Worksheets for Algebra II, Module 1, Lesson 37

Solutions for Algebra II, Module 1, Lesson 37

Classwork

Opening Exercise

Solve each equation for 𝑥.

a. 𝑥 − 1 = 0

b. 𝑥 + 1 = 0

c. 𝑥^{2} − 1 = 0

d. 𝑥^{2} + 1 = 0

Example 1: Addition with Complex Numbers

Compute (3 + 4𝑖)+ (7 − 20𝑖).

Example 2: Subtraction with Complex Numbers

Compute (3 + 4𝑖)− (7 − 20𝑖).

Example 3: Multiplication with Complex Numbers

Compute (1 + 2𝑖)(1 − 2𝑖).

Example 4: Multiplication with Complex Numbers

Verify that −1+ 2𝑖 and −1− 2𝑖 are solutions to 𝑥^{2} + 2𝑥 +5 = 0

Lesson Summary

Multiplication by 𝑖 rotates every complex number in the complex plane by 90° about the origin.

Every complex number is in the form 𝑎 + 𝑏𝑖, where 𝑎 is the real part and 𝑏 is the imaginary part of the number.
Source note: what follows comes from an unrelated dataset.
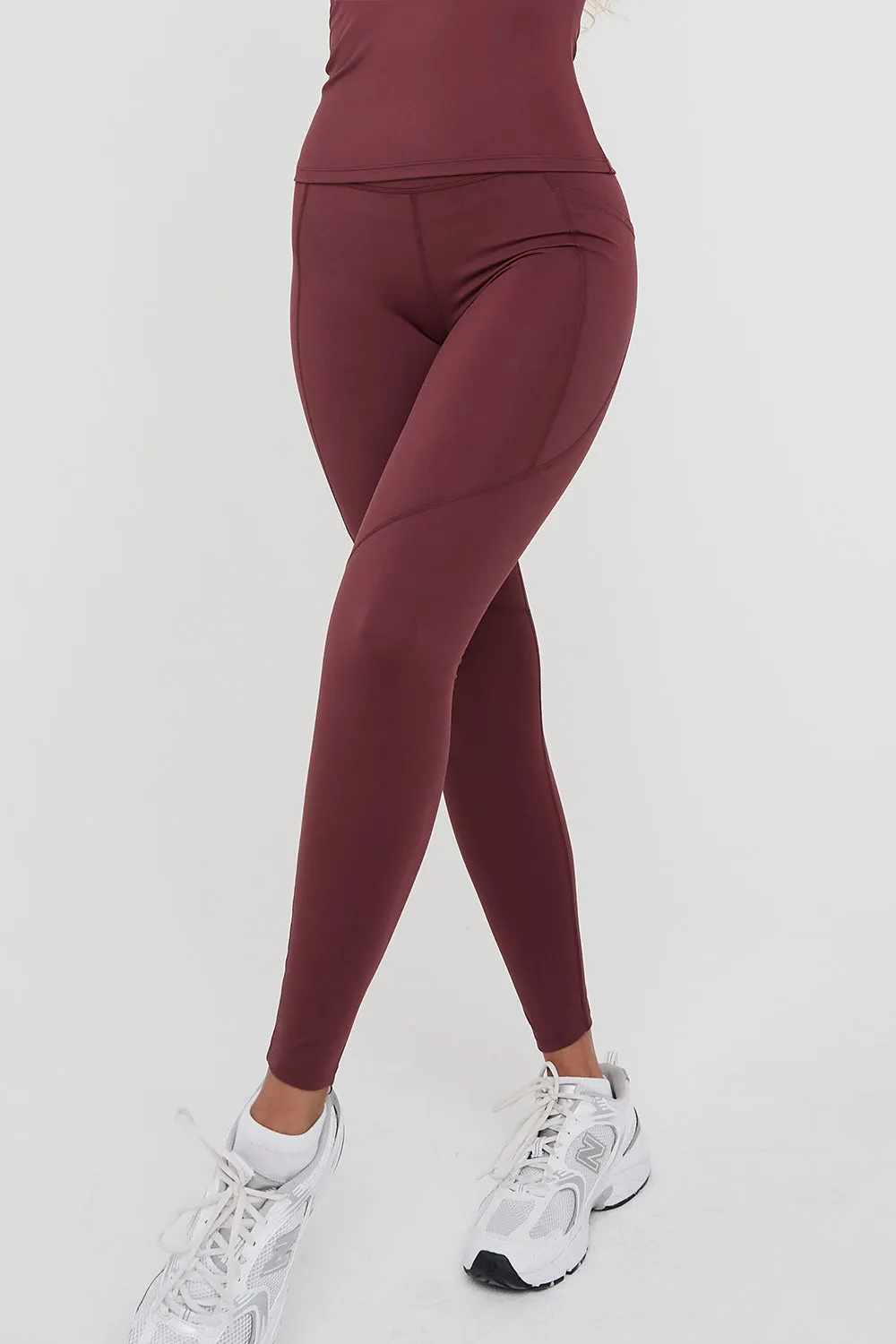SKINLUXE HIGH WAISTED SIDE POCKET LEGGING - DARK CHERRY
Real numbers are also complex numbers; the real number 𝑎 can be written as the complex number 𝑎 +0𝑖. Numbers of the form 𝑏𝑖, for real numbers 𝑏, are called imaginary numbers.

Adding two complex numbers is analogous to combining like terms in a polynomial expression.

Multiplying two complex numbers is like multiplying two binomials, except one can use 𝑖^{2} = −1 to further write the
expression in simpler form.

Complex numbers satisfy the associative, commutative, and distributive properties.

Complex numbers allow us to find solutions to polynomial equations that have no real number solutions.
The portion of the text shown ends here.